Campo Formoso é administrada por Elmo Nascimento (União Brasil), irmão do deputado federal Elmar Nascimento (União-BA). À época, a superintendência regional da Codevasf era ocupada por Miled Cussa Filho, indicado para o cargo. Ele comunicou que relatou irregularidades à Controladoria-Geral da União (CGU) e ao Ministério Público Federal, mas após isso, foi demitido do órgão federal.
Relatórios da Polícia Federal apontam que auditoria da CGU, a partir da análise de planilhas de emendas, associou os recursos ao deputado Elmar Nascimento, que nega ter destinado verbas para essa obra específica.
Trabalhadores prejudicados e empresas no centro do esquema
Além das obras inacabadas, a investigação revelou o impacto direto do esquema sobre moradores da região. Trabalhadores contratados para atuar na pavimentação relataram prejuízos financeiros, com meses de serviço sem remuneração.
A obra em Campo Formoso estava sob responsabilidade da Allpha Pavimentações, empresa que passou a ocupar posição central na Operação Overclean. Em dezembro de 2024, os proprietários da empreiteira foram presos no aeroporto de Salvador, transportando grandes quantias de dinheiro.
Dados do Portal da Transparência mostram que, nos últimos quatro anos, a Allpha recebeu R$ 67 milhões em recursos federais, a maior parte oriunda de emendas sem identificação de autoria. Segundo a Polícia Federal, a empresa e a Codevasf figuram como peças-chave no esquema investigado.
Ramificações em Alagoas e outros estados do Nordeste
Embora a Bahia concentre parte relevante das apurações, a Operação Overclean se espalha por outros estados nordestinos.

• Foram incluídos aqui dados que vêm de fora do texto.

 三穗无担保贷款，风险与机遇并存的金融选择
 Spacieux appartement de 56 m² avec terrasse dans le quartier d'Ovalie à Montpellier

Entre eles, Alagoas, onde municípios como Rio Largo e Estrela de Alagoas acumulam obras problemáticas, repasses elevados e estruturas precárias.

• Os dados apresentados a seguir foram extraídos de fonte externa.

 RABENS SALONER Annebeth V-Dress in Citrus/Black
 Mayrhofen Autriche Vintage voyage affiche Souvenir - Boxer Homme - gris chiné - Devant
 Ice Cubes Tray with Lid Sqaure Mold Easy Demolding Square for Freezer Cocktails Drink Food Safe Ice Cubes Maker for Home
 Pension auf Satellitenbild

Em Rio Largo, que recebeu quase R$ 100 milhões em emendas nos últimos seis anos, grande parte delas ligadas ao orçamento secreto, moradores convivem com deficiências graves de infraestrutura e saúde, apesar dos altos volumes de recursos. Uma pavimentação financiada por emenda do deputado Arthur Lira (PP-AL) apresentou afundamentos pouco tempo após a execução.

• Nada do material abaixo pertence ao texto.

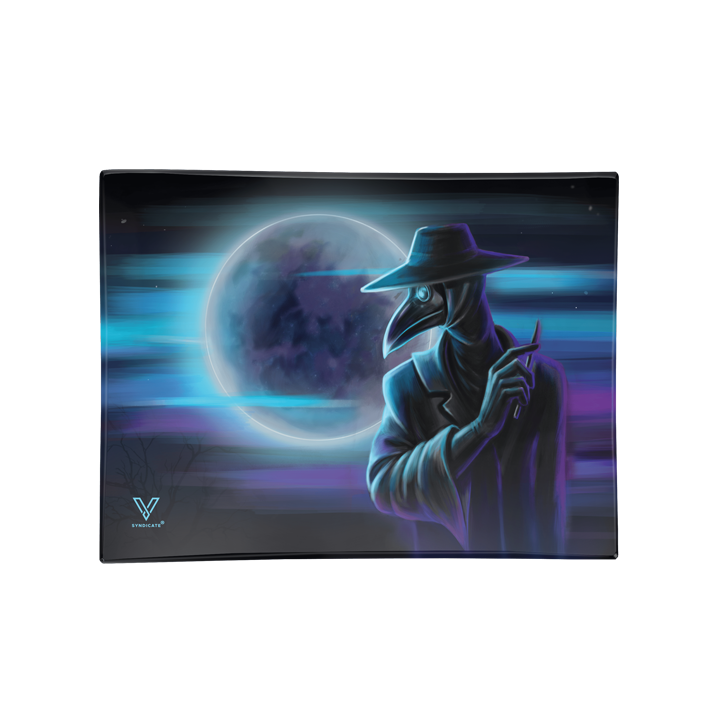 Dark Traveler Glass Rollin' Tray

Já em Estrela de Alagoas, duas estradas anunciadas pelo Departamento Nacional de Obras Contra as Secas (Dnocs) ao custo de R$ 25 milhões. Elas tiveram apenas terraplanagem parcial e trechos isolados de asfalto, sendo abandonadas após o período eleitoral.
As duas obras foram executadas pela Construmaster, hoje chamada Vieira Infraestrutura, empresa também investigada na operação Fake Road, que apura fraudes, superfaturamento e serviços inexistentes no Ceará e no Rio Grande do Norte. O prejuízo estimado nesse braço da investigação é de R$ 18 milhões.
Segundo a Polícia Federal, as emendas envolvidas nesse núcleo foram atribuídas ao deputado Robério Monteiro (PDT-CE), que nega irregularidades e afirma que as obras eram de responsabilidade dos órgãos federais.
Orçamento secreto e falta de transparência
Desde 2020, o uso do orçamento secreto consumiu R$ 38 bilhões dos cofres públicos. O STF proibiu o mecanismo no fim de 2022, apontando falta de transparência e ausência de critérios objetivos. Após a decisão, parlamentares passaram a utilizar emendas de comissão, que também vêm sendo criticadas por opacidade na distribuição dos recursos.
Com as operações em curso, a Polícia Federal tenta abrir a chamada “caixa-preta” das emendas, tendo como focos principais a Codevasf e o Dnocs, órgãos federais frequentemente associados ao loteamento político de cargos. Enquanto as investigações avançam, a Bahia se mantém como epicentro das apurações, reunindo volumes expressivos de recursos, políticos sob suspeita, obras paralisadas e impactos diretos sobre a população. A Operação Overclean expõe, mais uma vez, como a combinação entre emendas sem transparência e estruturas fragilizadas pode resultar em desvio de dinheiro público, prejuízos sociais e descrédito institucional.